Goal
I'm trying to get postgres to parallel process a REST API call across a whole column of data (~20 million rows).
First Attempt
a UDF to be called on the column, like so:
select col1, public.py_pgrest(col1) as enriched_data
from my_table
based on this SO answer I'm thinking (code's got kinks, don't grock):
CREATE OR REPLACE FUNCTION public.py_pgrest(data_to_enrich text)
RETURNS text
LANGUAGE plpython2u
AS $function$
import urllib2
from urllib2 import Request, urlopen, URLError, HTTPError
uri = "http://enrichment.api/q=" + data_to_enrich
req = Request(uri)
try:
enriched_data = json.loads(urlopen(req).read()).get('my_enrichment_field')
except HTTPError as e:
return e
except URLError as e:
if hasattr(e, 'reason'):
return e.reason
elif hasattr(e, 'code'):
return e.code
else:
return e
return enriched_data
$function$
PARALLEL SAFE;
Problem
Even though the function is marked PARALLEL SAFE, this only helps for the query planner to allocate multiple workers to it and then gather the results.
Question
Is there some pattern that allows me to parallelize the UDF within each worker?

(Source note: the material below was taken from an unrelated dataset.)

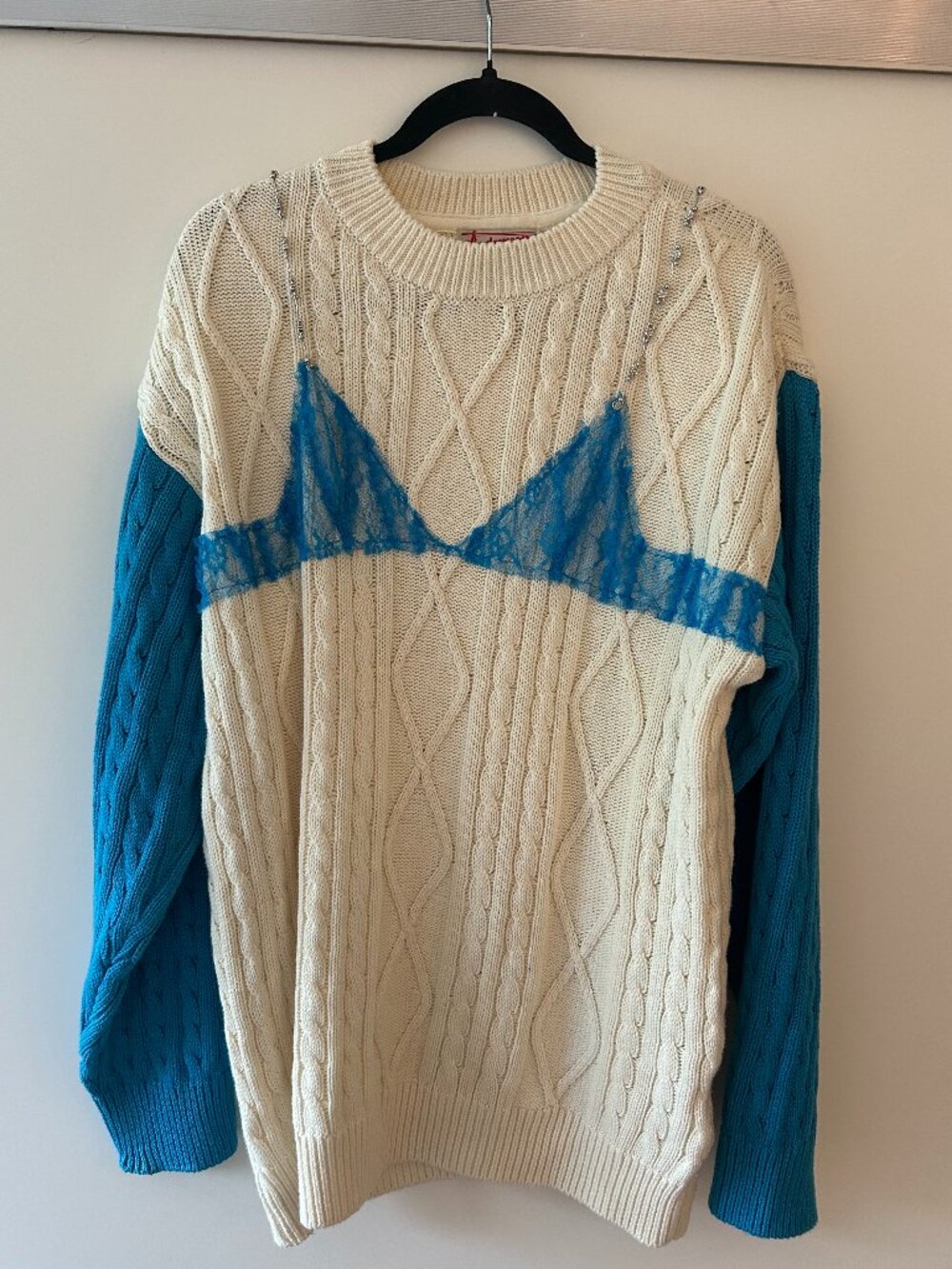 Korean Streetwear Designer Andersson Bell Lace Boyfriend-Fit Knit Pullover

a tentative and coarse python example - just to illustrate the intent (based on this SO answer):
async def parallel_rest_calls():
async with aiohttp.ClientSession() as session:
tasks = []
for row in column:
tasks.append(call_rest_api(session=session, data=row, **kwargs))
enriched_data_col = await asyncio.gather(*tasks, return_exceptions=True)
return enriched_data_col
Granted, the python example still needs to map the input row to the correct output, but you get the gist, it's about utilizing the IO time to make more calls.